(Text-to-region grounding data)
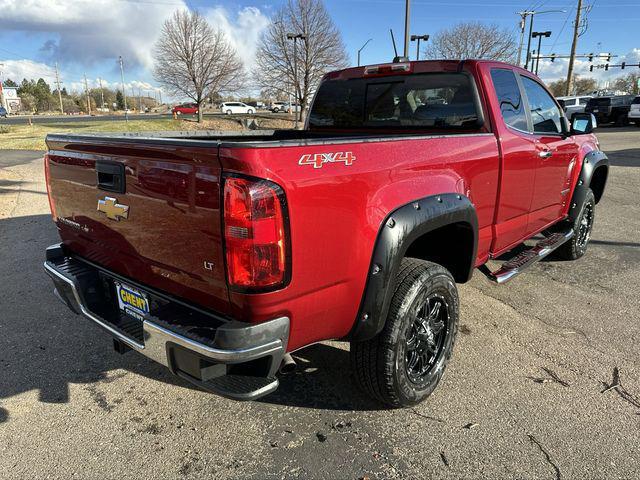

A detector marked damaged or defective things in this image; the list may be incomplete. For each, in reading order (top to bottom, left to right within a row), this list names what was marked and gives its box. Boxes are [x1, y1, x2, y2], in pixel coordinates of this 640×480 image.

pavement crack [528, 434, 564, 478]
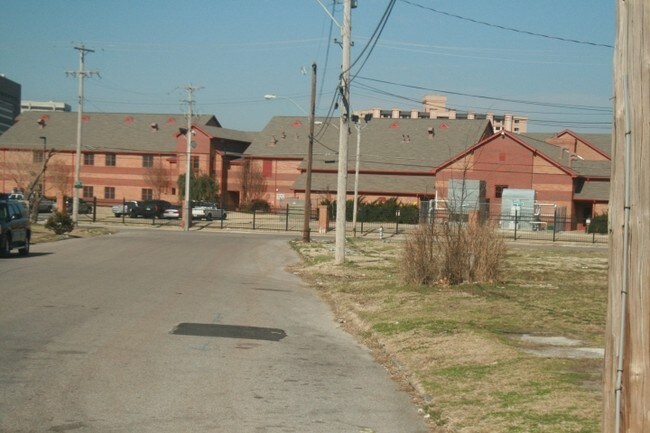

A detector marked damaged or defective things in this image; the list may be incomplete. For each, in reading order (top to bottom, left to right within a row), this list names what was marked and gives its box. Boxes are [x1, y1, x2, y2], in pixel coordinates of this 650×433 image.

dark asphalt patch [172, 320, 286, 340]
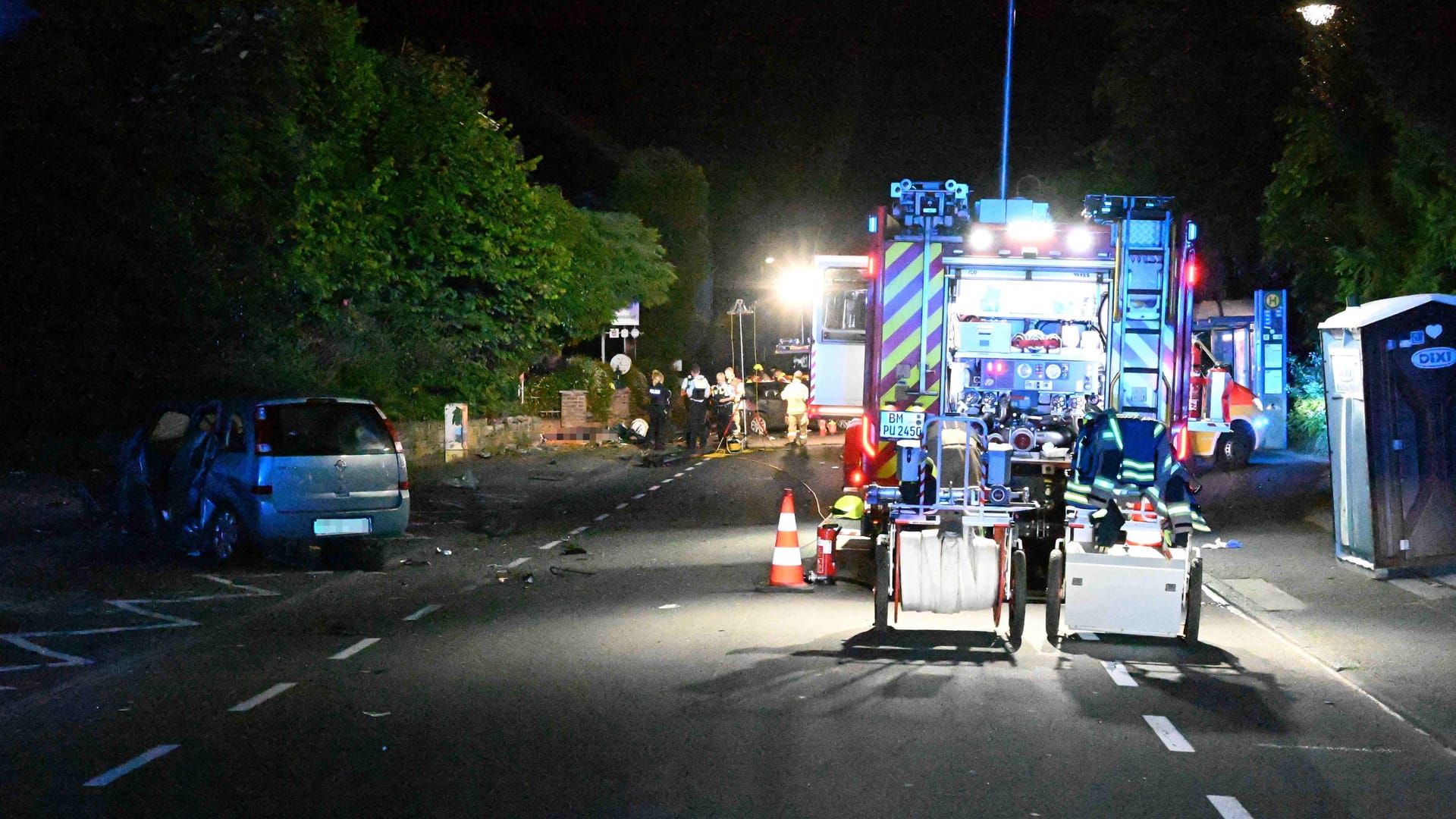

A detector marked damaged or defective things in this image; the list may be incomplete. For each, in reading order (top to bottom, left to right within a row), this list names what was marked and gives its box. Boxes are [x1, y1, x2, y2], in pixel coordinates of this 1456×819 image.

crashed car [119, 394, 410, 564]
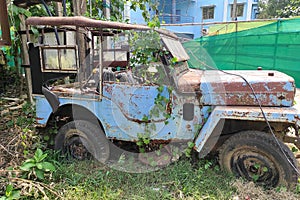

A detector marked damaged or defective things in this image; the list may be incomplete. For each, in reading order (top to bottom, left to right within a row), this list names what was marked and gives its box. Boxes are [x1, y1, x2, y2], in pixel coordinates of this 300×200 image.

rusty jeep [24, 16, 300, 187]
rusty hood [177, 69, 296, 106]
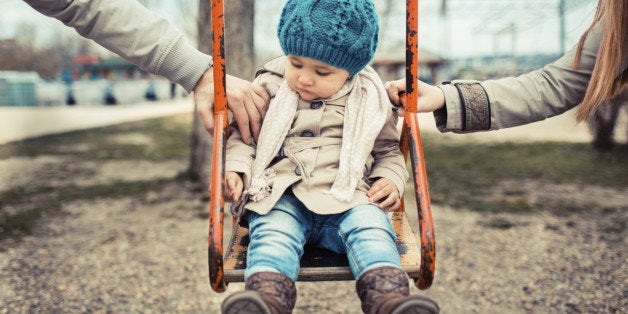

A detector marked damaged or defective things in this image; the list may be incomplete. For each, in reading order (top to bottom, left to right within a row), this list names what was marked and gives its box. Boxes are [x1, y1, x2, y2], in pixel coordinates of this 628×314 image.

rusty metal swing pole [207, 0, 227, 292]
rusty metal swing pole [404, 0, 434, 290]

▸ **TASK ITEM**
Reproduce exactly the lines that run from the line holding "this 1456×819 image." through the final line of the entries, and omit every picture.

▸ **ANSWER BELOW**
A detector marked damaged or defective things in this image; the list may be incomplete. For each, in reading order (top to bottom, left to right within a row), this list names what was marked and gives its box. Boxes are [x1, y1, x2, y2], in pixel coordinates of this 1456×819 image.

crashed car [119, 394, 410, 564]

A detector marked damaged or defective things in this image; the list may be incomplete. For each, in reading order (top to bottom, left to right within a row), this list names what was marked and gives its box. Boxes are [x1, y1, x2, y2], in pixel coordinates of this 300×200 image.

rusty jeep [24, 16, 300, 187]
rusty hood [177, 69, 296, 106]

A detector marked damaged or defective things in this image; the list may be incomplete. For each, in reading order (top to bottom, left to right within a row), this list names what was marked and gives its box. Boxes are [x1, y1, x2, y2], in pixel coordinates of this 628×314 image.

rusty metal swing pole [207, 0, 227, 292]
rusty metal swing pole [404, 0, 434, 290]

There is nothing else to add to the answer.